Data extracted from a collection:
= = = = =

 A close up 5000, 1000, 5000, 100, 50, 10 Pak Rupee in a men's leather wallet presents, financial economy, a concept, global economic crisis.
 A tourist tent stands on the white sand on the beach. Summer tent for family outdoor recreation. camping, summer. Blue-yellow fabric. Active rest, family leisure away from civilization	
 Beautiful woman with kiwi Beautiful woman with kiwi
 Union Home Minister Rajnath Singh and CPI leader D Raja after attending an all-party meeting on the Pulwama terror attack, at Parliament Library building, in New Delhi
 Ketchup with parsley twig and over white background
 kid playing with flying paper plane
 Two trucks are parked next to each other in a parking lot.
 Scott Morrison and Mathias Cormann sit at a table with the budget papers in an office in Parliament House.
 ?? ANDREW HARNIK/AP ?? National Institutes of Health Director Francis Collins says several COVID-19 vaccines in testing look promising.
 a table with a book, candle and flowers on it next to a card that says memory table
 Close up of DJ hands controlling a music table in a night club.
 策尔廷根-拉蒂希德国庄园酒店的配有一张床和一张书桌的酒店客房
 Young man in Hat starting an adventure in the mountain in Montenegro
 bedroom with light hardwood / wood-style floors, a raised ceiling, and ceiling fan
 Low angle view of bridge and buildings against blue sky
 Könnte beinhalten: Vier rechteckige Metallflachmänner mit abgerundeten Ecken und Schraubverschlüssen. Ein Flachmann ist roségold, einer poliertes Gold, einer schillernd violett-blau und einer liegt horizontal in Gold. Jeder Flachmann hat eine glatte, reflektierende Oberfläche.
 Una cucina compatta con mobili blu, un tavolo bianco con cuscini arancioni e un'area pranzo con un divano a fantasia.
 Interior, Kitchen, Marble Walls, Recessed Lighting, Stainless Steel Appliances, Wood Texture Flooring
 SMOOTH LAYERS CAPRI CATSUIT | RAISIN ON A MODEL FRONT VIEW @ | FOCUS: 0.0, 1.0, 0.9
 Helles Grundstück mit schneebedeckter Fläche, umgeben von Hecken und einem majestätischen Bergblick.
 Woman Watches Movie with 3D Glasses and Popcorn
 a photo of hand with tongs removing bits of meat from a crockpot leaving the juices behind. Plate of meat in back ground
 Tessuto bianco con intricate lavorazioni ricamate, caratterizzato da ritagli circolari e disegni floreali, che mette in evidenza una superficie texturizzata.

= = = = =

YOUR GOAL
Repeat the records above exactly.

ANSWER SECTION
 A close up 5000, 1000, 5000, 100, 50, 10 Pak Rupee in a men's leather wallet presents, financial economy, a concept, global economic crisis.
 A tourist tent stands on the white sand on the beach. Summer tent for family outdoor recreation. camping, summer. Blue-yellow fabric. Active rest, family leisure away from civilization	
 Beautiful woman with kiwi Beautiful woman with kiwi
 Union Home Minister Rajnath Singh and CPI leader D Raja after attending an all-party meeting on the Pulwama terror attack, at Parliament Library building, in New Delhi
 Ketchup with parsley twig and over white background
 kid playing with flying paper plane
 Two trucks are parked next to each other in a parking lot.
 Scott Morrison and Mathias Cormann sit at a table with the budget papers in an office in Parliament House.
 ?? ANDREW HARNIK/AP ?? National Institutes of Health Director Francis Collins says several COVID-19 vaccines in testing look promising.
 a table with a book, candle and flowers on it next to a card that says memory table
 Close up of DJ hands controlling a music table in a night club.
 策尔廷根-拉蒂希德国庄园酒店的配有一张床和一张书桌的酒店客房
 Young man in Hat starting an adventure in the mountain in Montenegro
 bedroom with light hardwood / wood-style floors, a raised ceiling, and ceiling fan
 Low angle view of bridge and buildings against blue sky
 Könnte beinhalten: Vier rechteckige Metallflachmänner mit abgerundeten Ecken und Schraubverschlüssen. Ein Flachmann ist roségold, einer poliertes Gold, einer schillernd violett-blau und einer liegt horizontal in Gold. Jeder Flachmann hat eine glatte, reflektierende Oberfläche.
 Una cucina compatta con mobili blu, un tavolo bianco con cuscini arancioni e un'area pranzo con un divano a fantasia.
 Interior, Kitchen, Marble Walls, Recessed Lighting, Stainless Steel Appliances, Wood Texture Flooring
 SMOOTH LAYERS CAPRI CATSUIT | RAISIN ON A MODEL FRONT VIEW @ | FOCUS: 0.0, 1.0, 0.9
 Helles Grundstück mit schneebedeckter Fläche, umgeben von Hecken und einem majestätischen Bergblick.
 Woman Watches Movie with 3D Glasses and Popcorn
 a photo of hand with tongs removing bits of meat from a crockpot leaving the juices behind. Plate of meat in back ground
 Tessuto bianco con intricate lavorazioni ricamate, caratterizzato da ritagli circolari e disegni floreali, che mette in evidenza una superficie texturizzata.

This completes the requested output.